(Beginning of SUPPLIED ENTRIES)
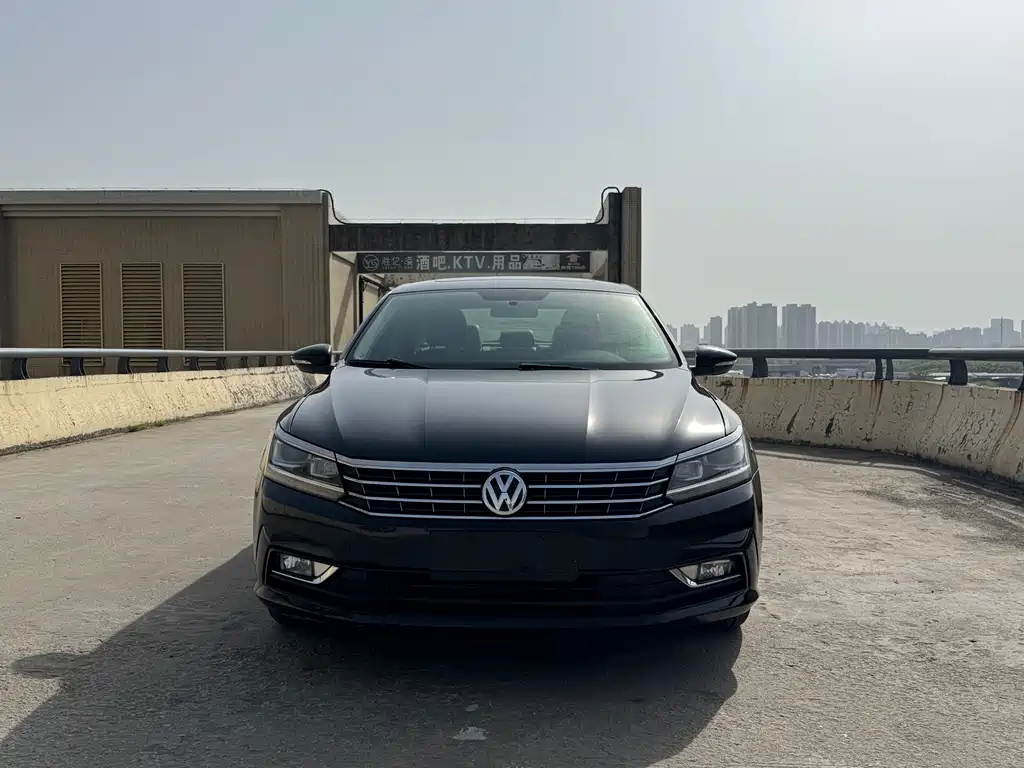 Volkswagen Passat 2018 — фото 2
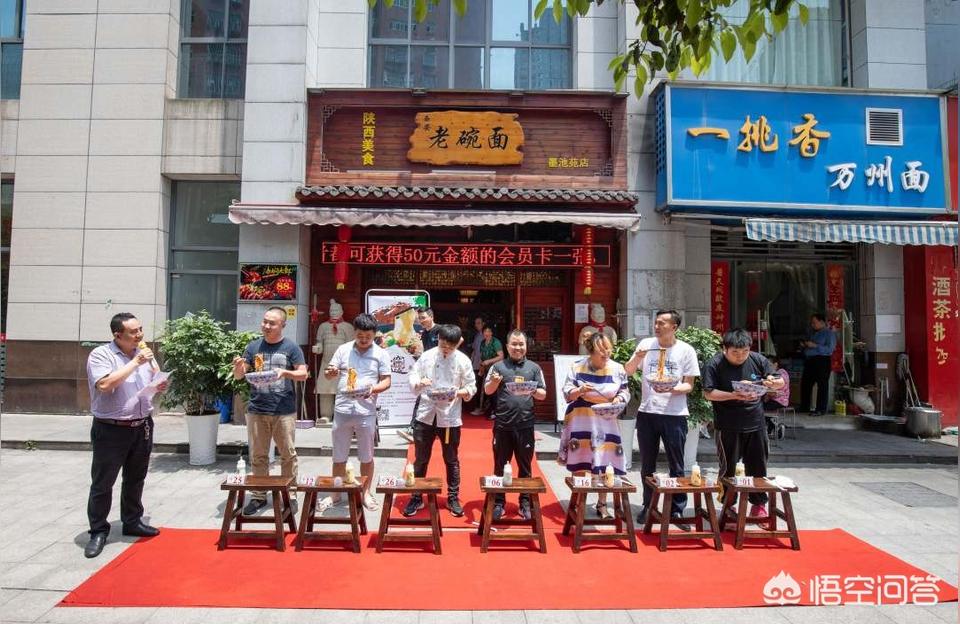 美食拍摄选用什么桌子（先要掌握拍摄环境的布置）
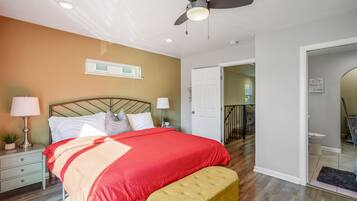 3 habitaciones, escritorio, tabla de planchar con plancha y wifi gratis
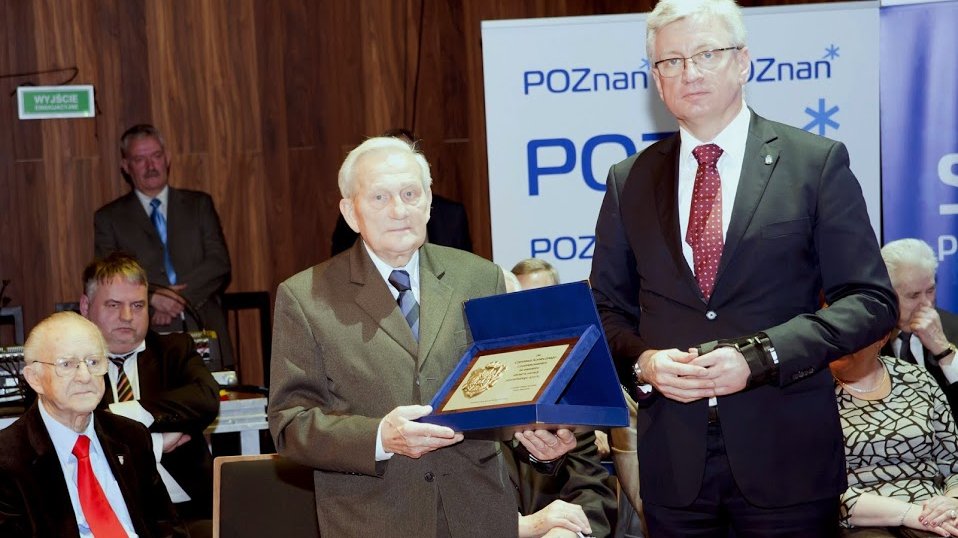 Prezydent Miasta Poznania Jacek Jaśkowiak wręcza wyróżnienia uhonorowanym Superseniorom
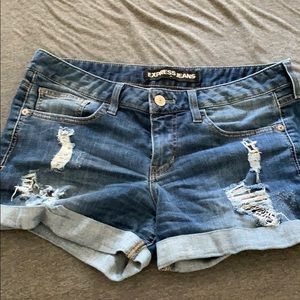 Express shorts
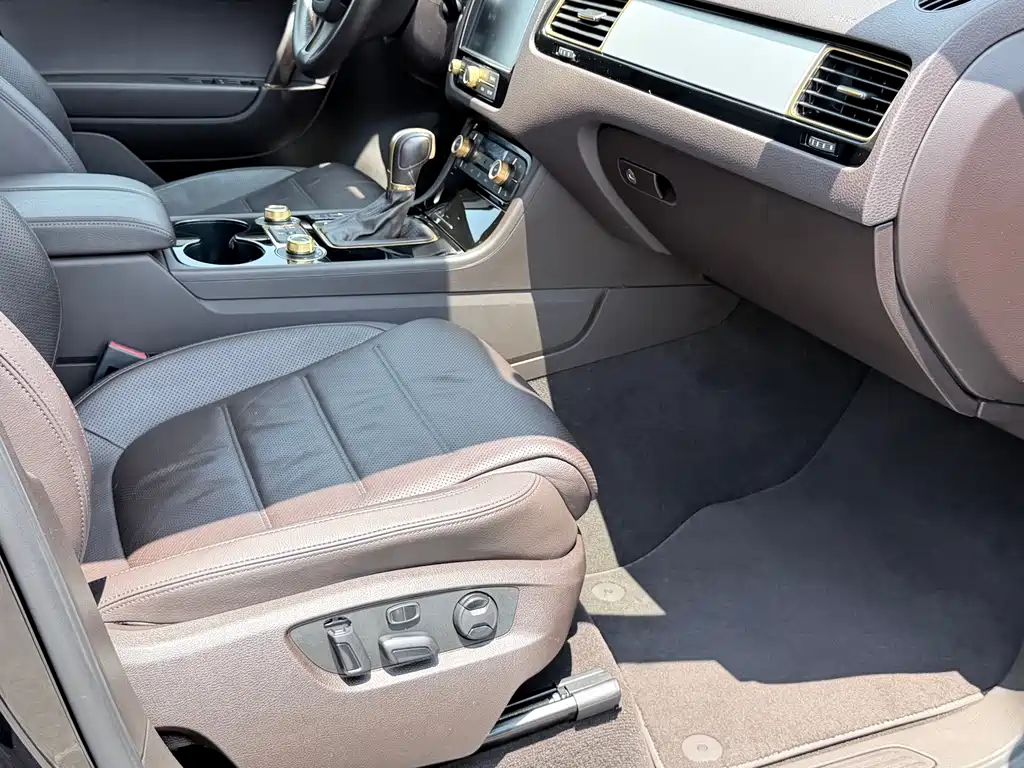 Volkswagen Touareg 2018 — фото 15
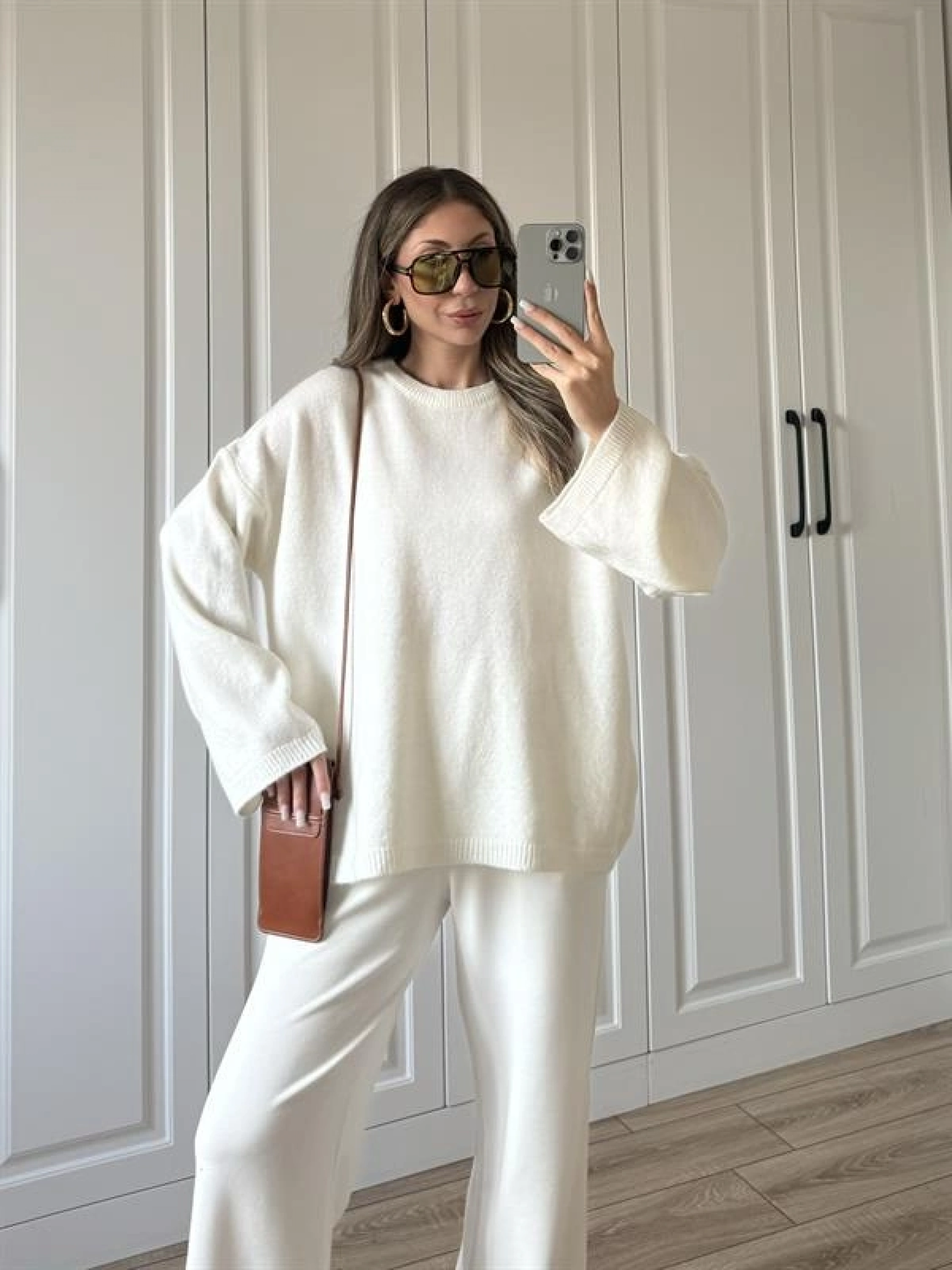 Lia Ekru Pinterest Kazak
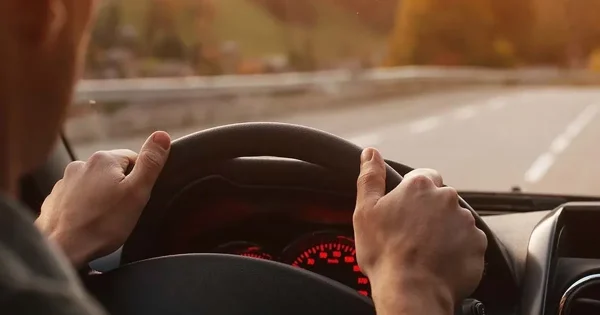 Trafikte güvenli sürüş için üç altın kural! Dikkat dağınıklığı felakete yol açıyor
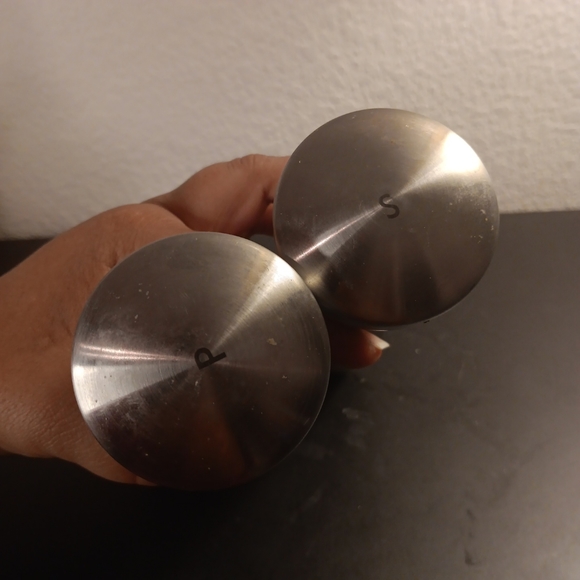 EXQUISITE VTG COLE & MASON Oldbury Wood Salt and Pepper Grinder Set. - Picture 3 of 7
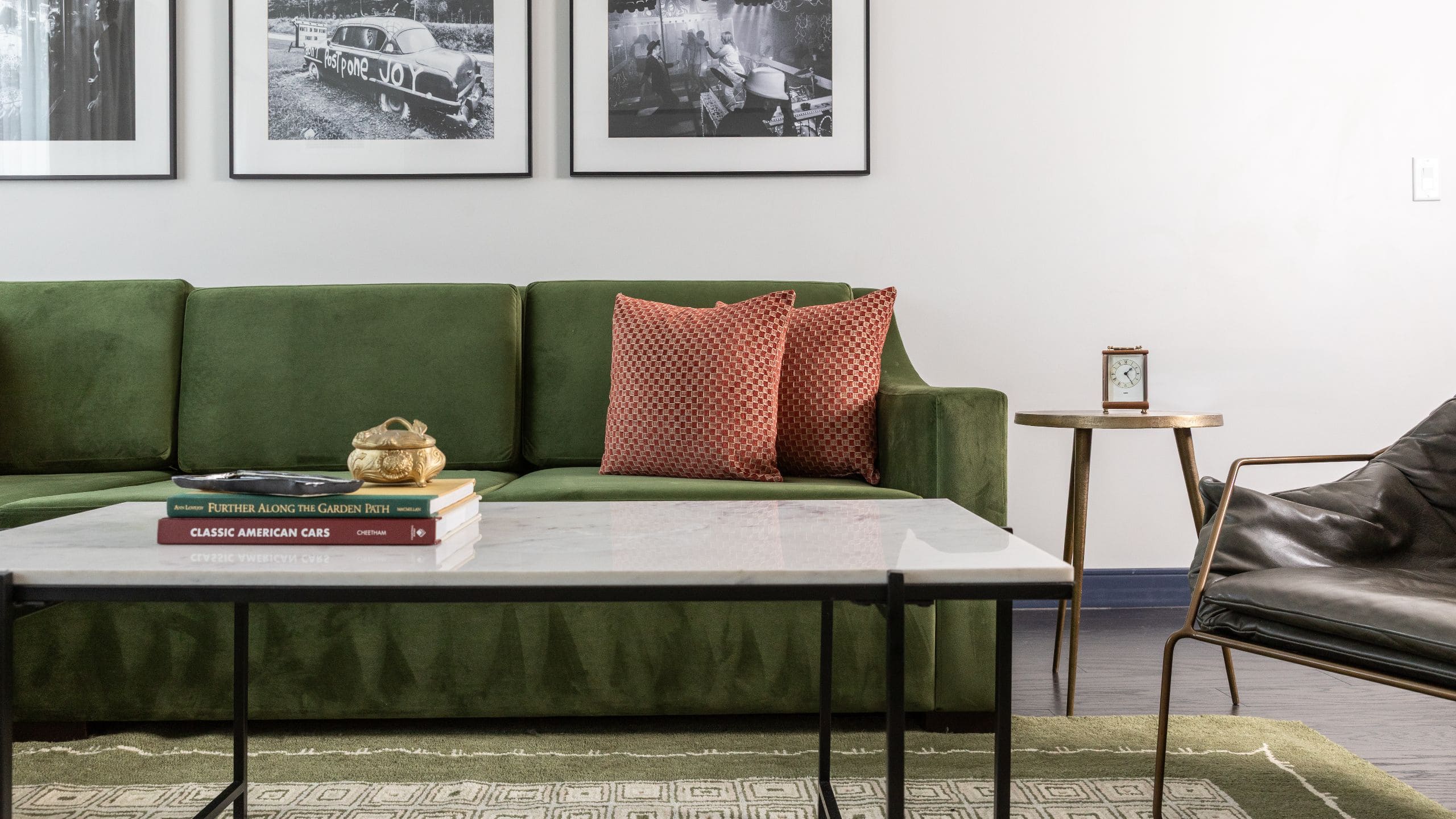 Holston House Nashville King Suite Sofa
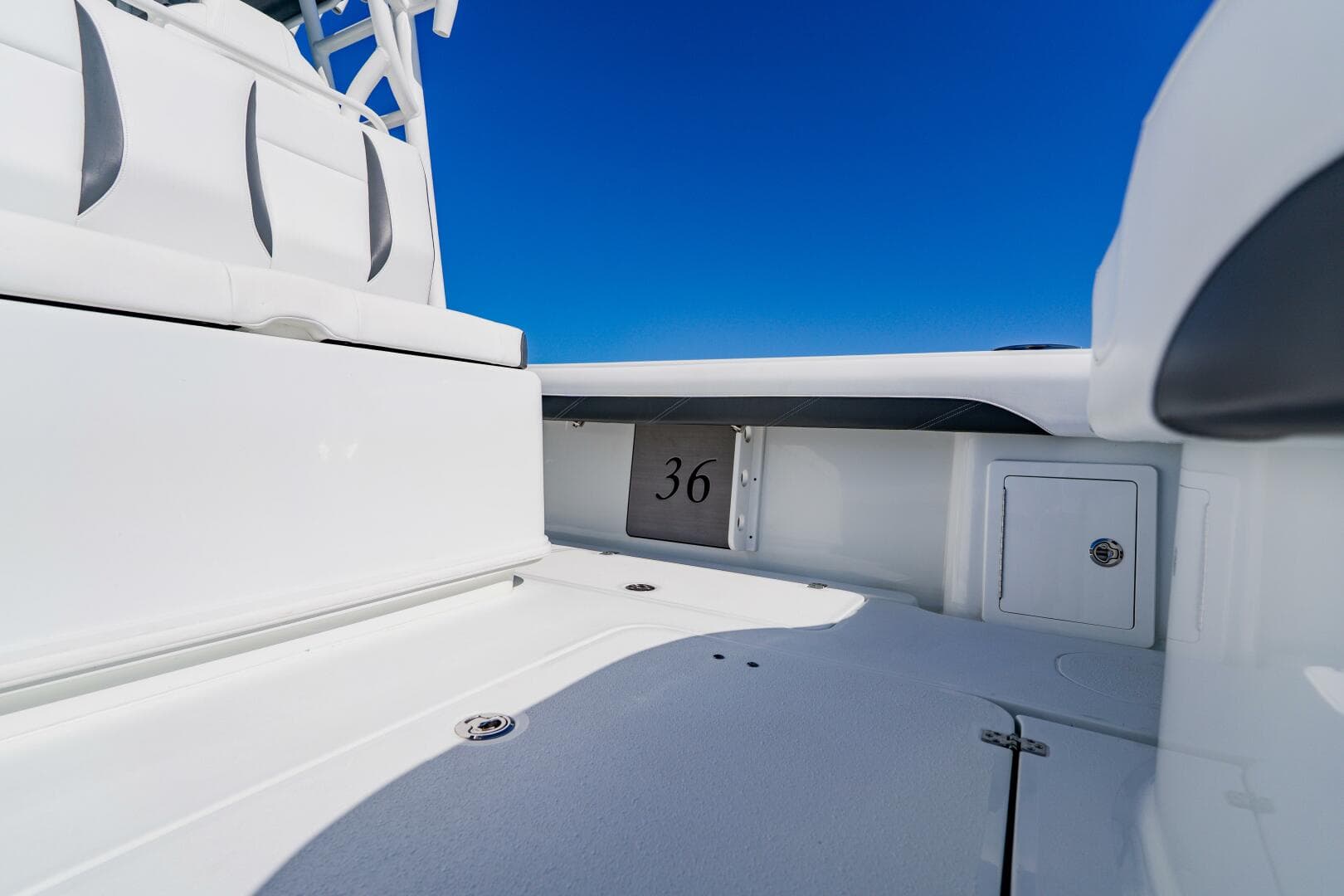 2025 Yellowfin 36 Offshore — photo 41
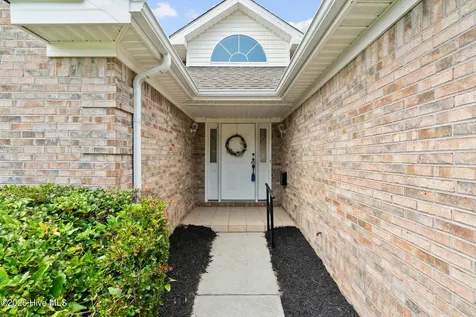 2443 Glen Drive Little River SC 29566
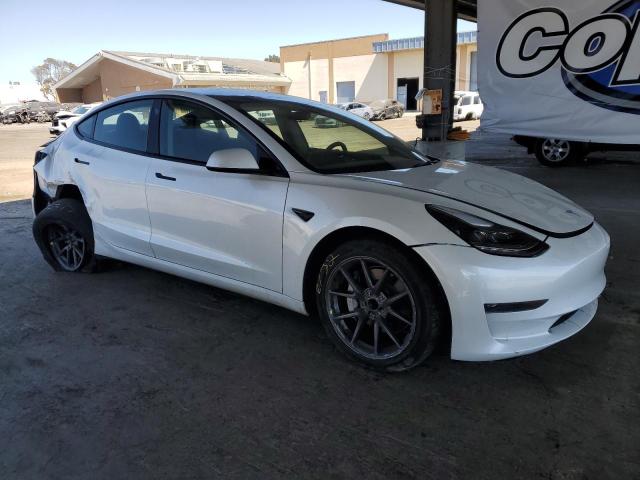 5YJ3E1EAXPF405767 - 2023 TESLA MODEL 3 WHITE photo 4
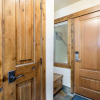 Отель Lodge E301 - 2 Br Condo, фото 14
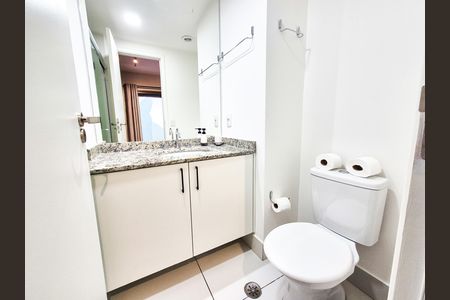 Studio para alugar com 25m², 1 quarto e sem vaga Studio para alugar com 25m², 1 quarto e sem vagaBanheiro
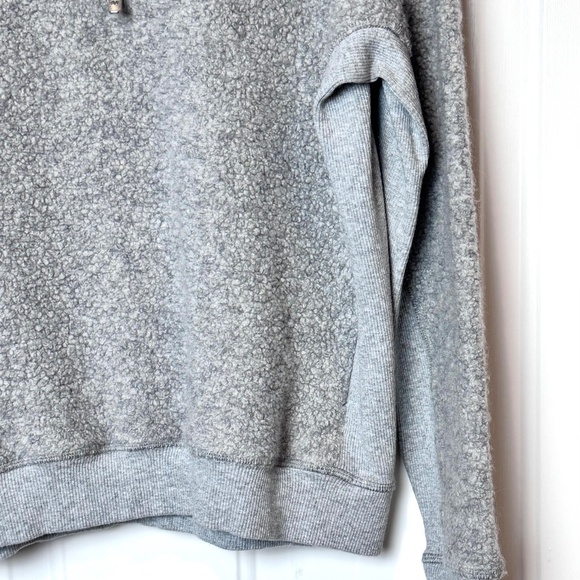 Lululemon Stand Out Sherpa 1/2 Zip Heathered Gray. Size 6 EUC - Picture 3 of 8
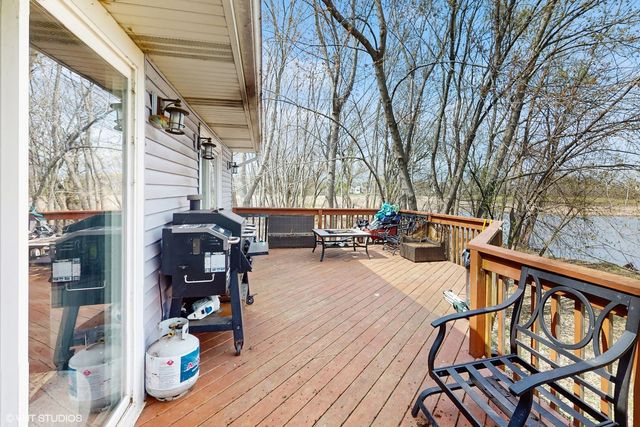 104 Channel Drive, Port Barrington, IL 60010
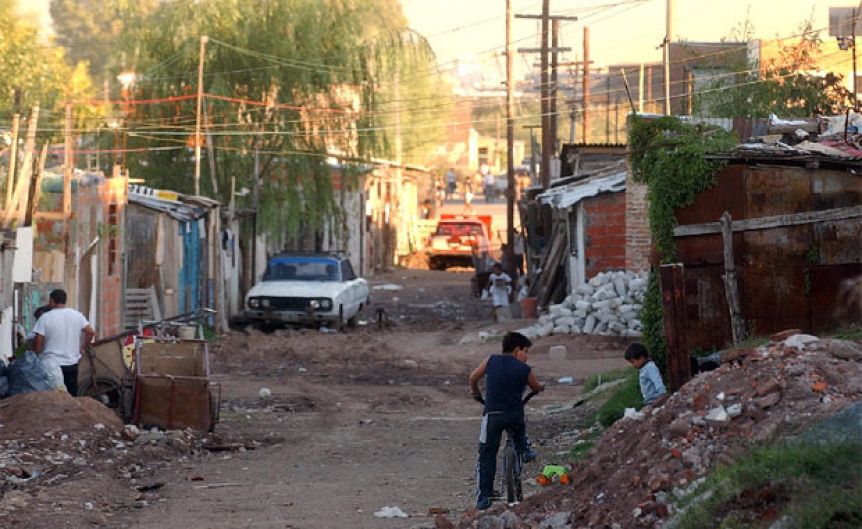 Kicillof recibe créditos por U$S 200 millones para urbanizar villas del Conurbano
(End of SUPPLIED ENTRIES)
Extract word for word every line from the line that contains "Отель Lodge E301 - 2 Br Condo, фото 14" to the final line of the data, both included, and nothing else; skip the pictures.

 Отель Lodge E301 - 2 Br Condo, фото 14
 Studio para alugar com 25m², 1 quarto e sem vaga Studio para alugar com 25m², 1 quarto e sem vagaBanheiro
 Lululemon Stand Out Sherpa 1/2 Zip Heathered Gray. Size 6 EUC - Picture 3 of 8
 104 Channel Drive, Port Barrington, IL 60010
 Kicillof recibe créditos por U$S 200 millones para urbanizar villas del Conurbano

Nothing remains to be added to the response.